* _INPUT DATA_
Content starts

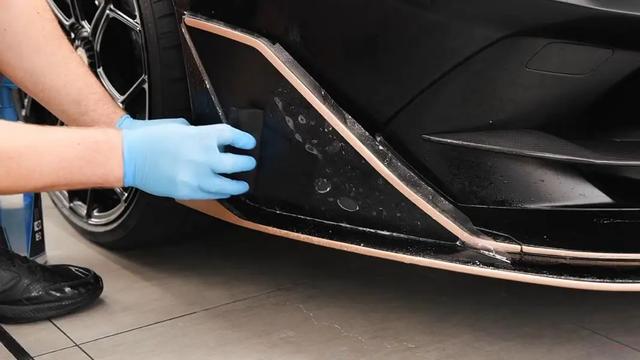 Selbst ist der Autofahrer: Anleitung zur Auto-Folierung Selbst ist der Autofahrer: Anleitung zur Auto-Folierung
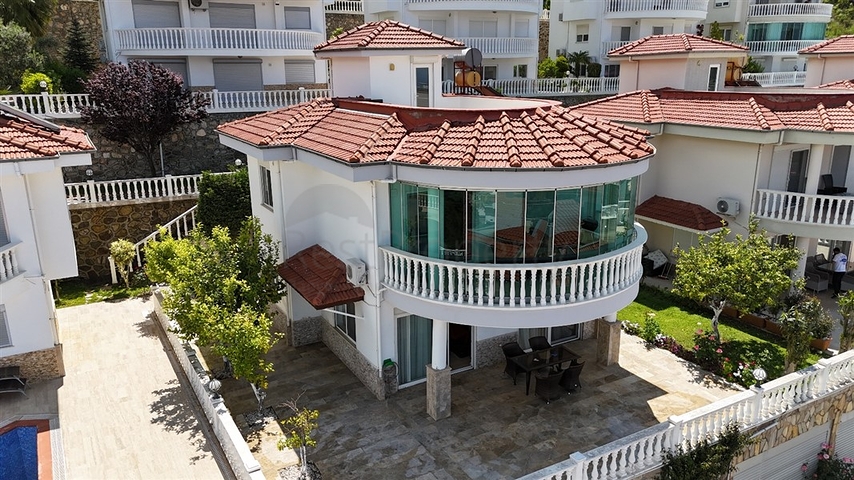Sea View Detached Villa with Shared Pool in Kargicak Alanya Turkey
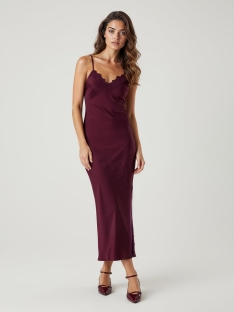 VESTIDO LARGO LENCERO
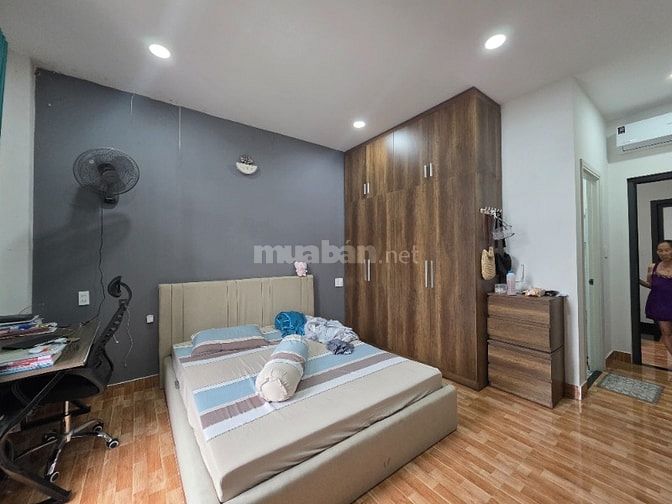 NHÀ CHÍNH CHỦ HOA HỒNG 3%. HẺM 88/69 ĐƯỜNG NGUYỄN VĂN QUỲ QUẬN 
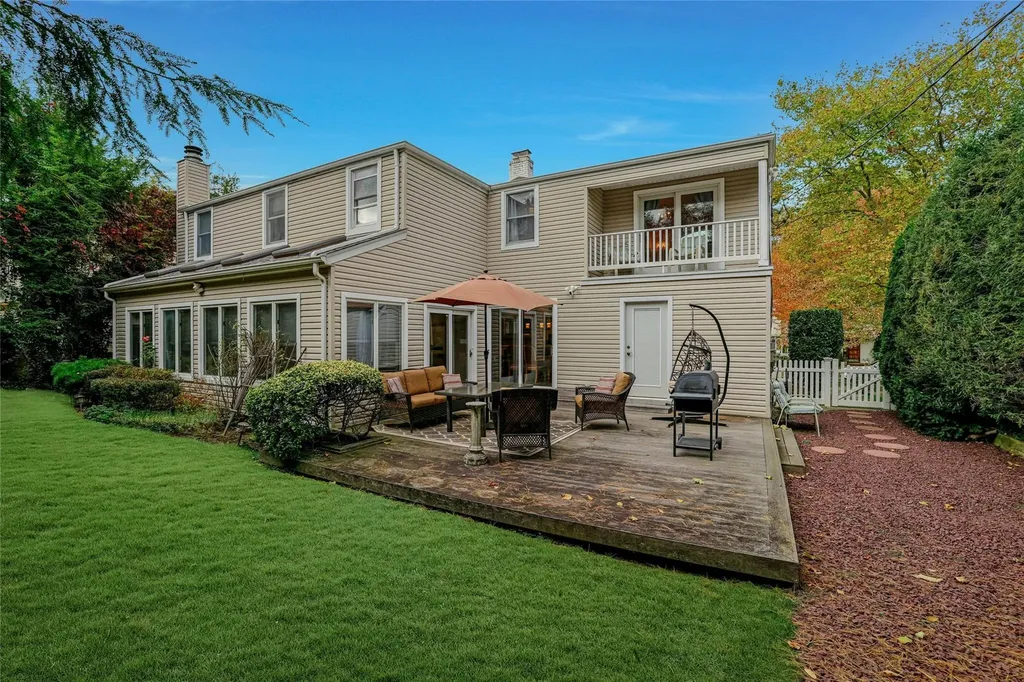 61 Argyle Road Albertson NY 11507
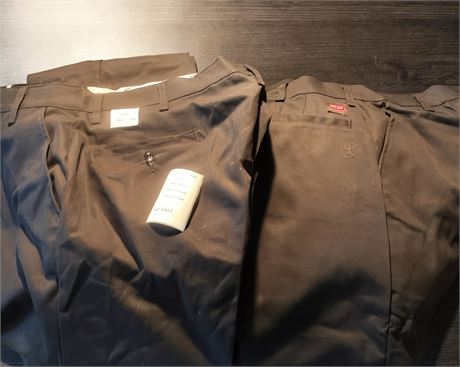 Red Kap Black Work Pants Lot of 14 (Size 40 x 36)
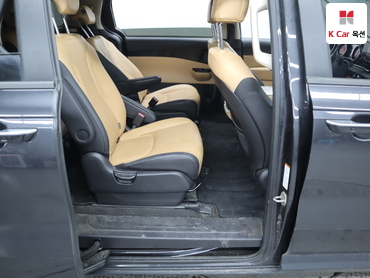 2023 - kia carnival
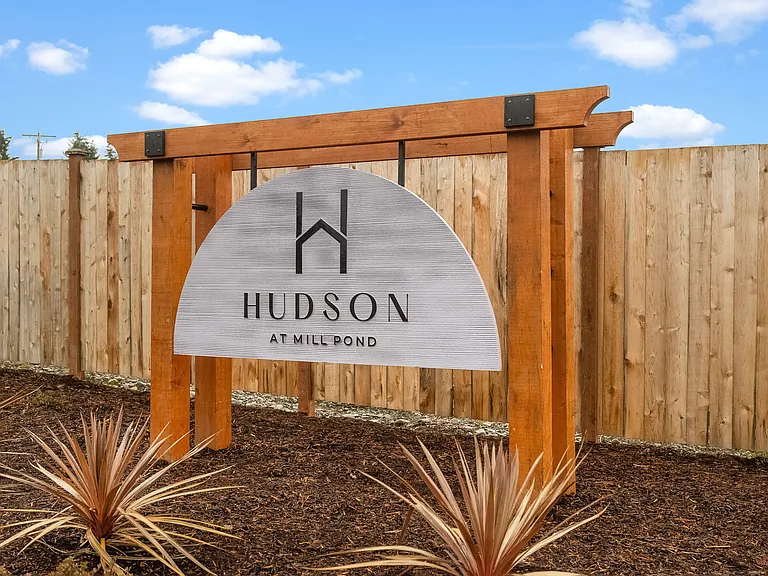 Hudson at Mill Pond — Photo 127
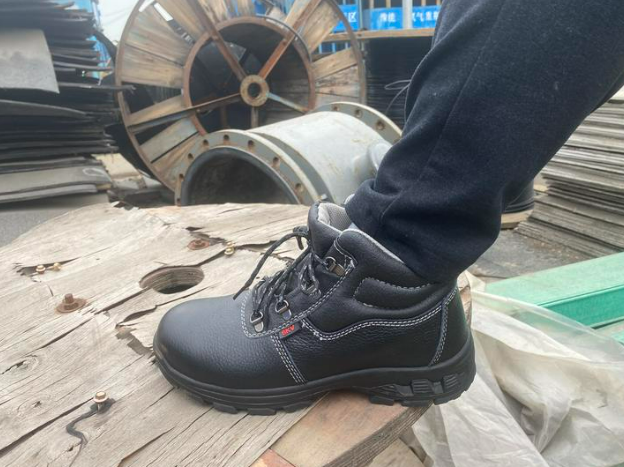 Outsole Materials, Types and Core Functions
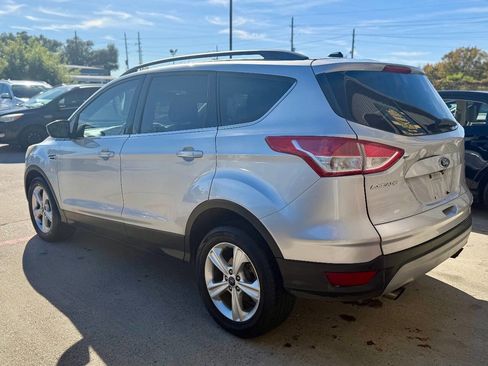 Used 2014 Ford Escape SE w/ Equipment Group 201A image 6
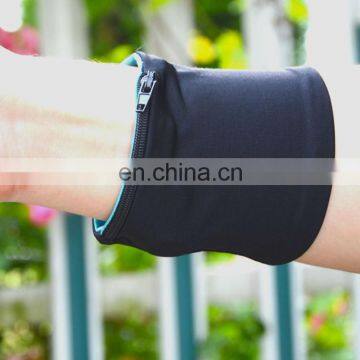 Balck zipper pocket micro fiber wristband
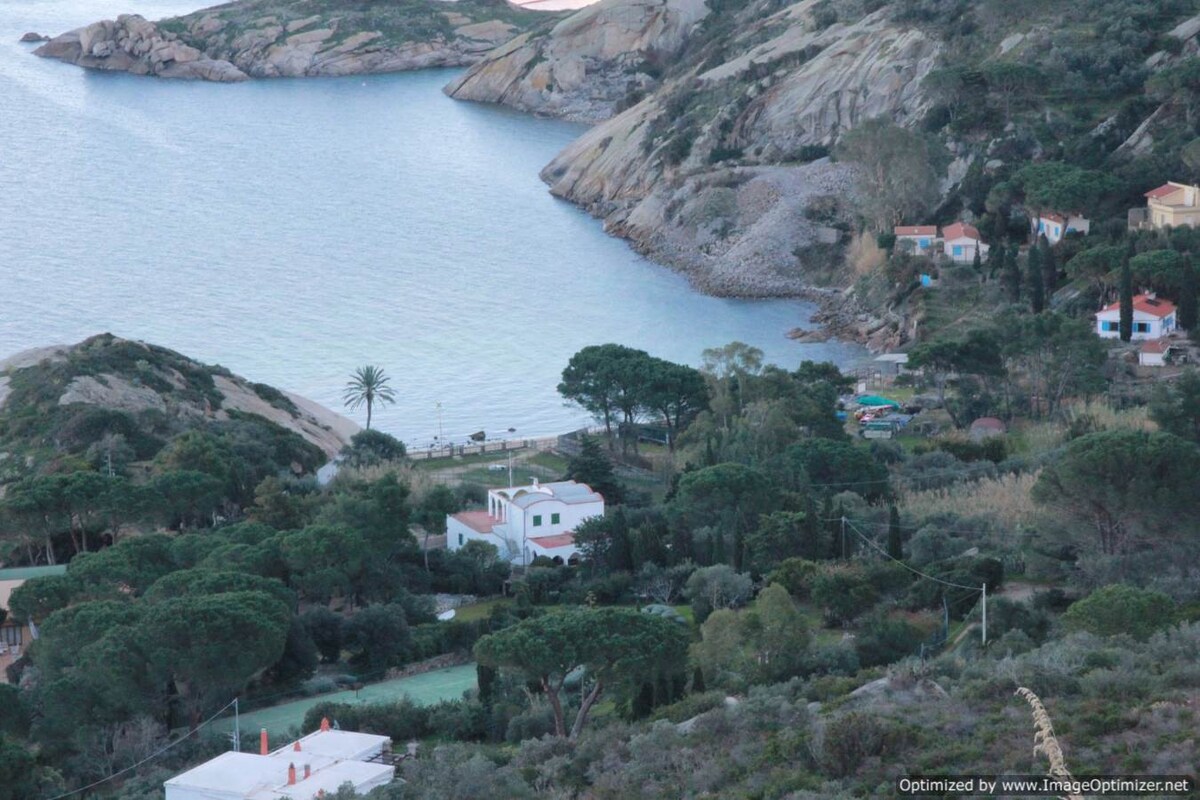 Piano Terra in Villa sul mare con campo da tennis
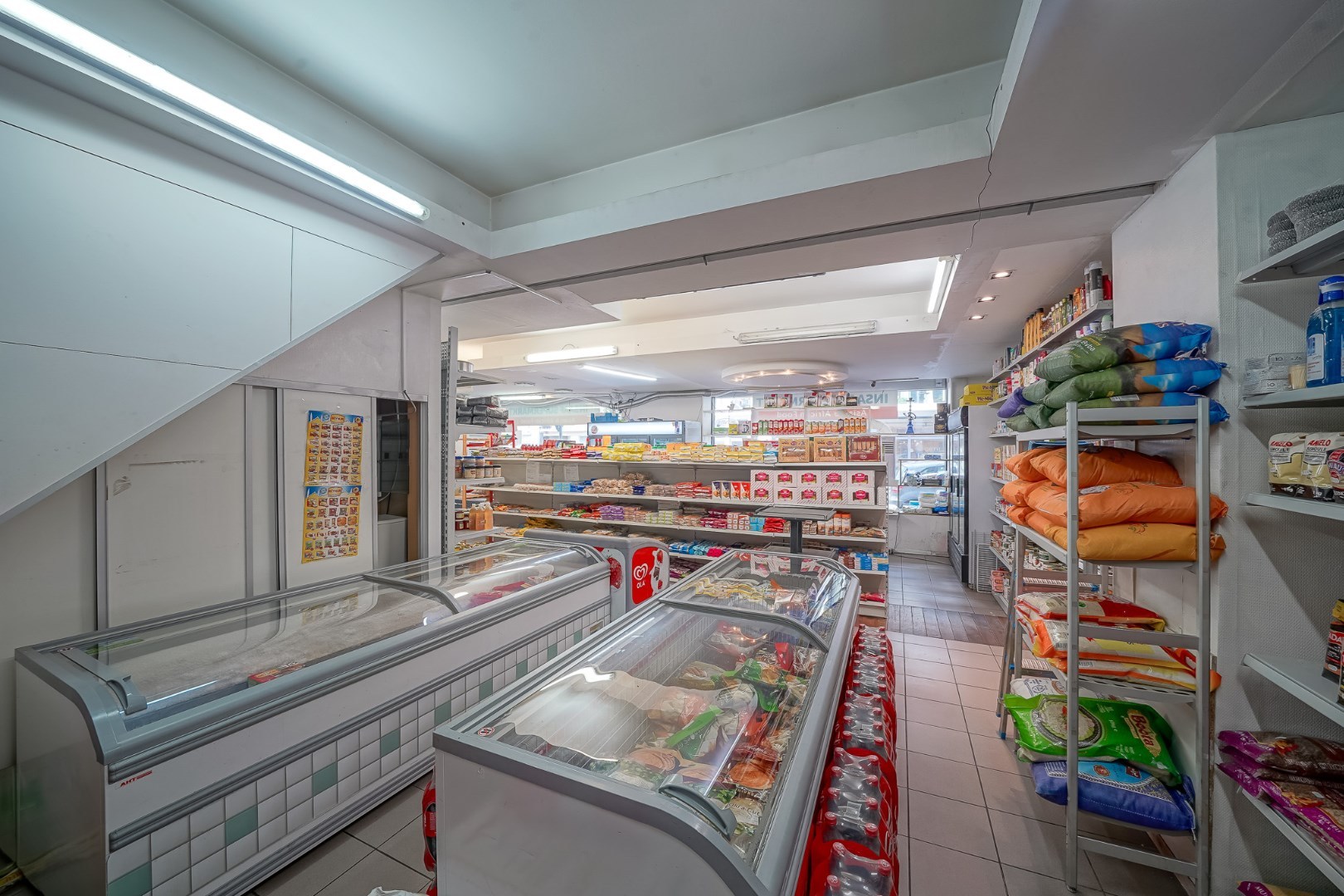 Handelsgelijkvloers met bureauruimte te Oostende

Content ends

Exclude all pictures and return precisely the lines from the one containing "Balck zipper pocket micro fiber wristband" through the closing line of the data.

 Balck zipper pocket micro fiber wristband
 Piano Terra in Villa sul mare con campo da tennis
 Handelsgelijkvloers met bureauruimte te Oostende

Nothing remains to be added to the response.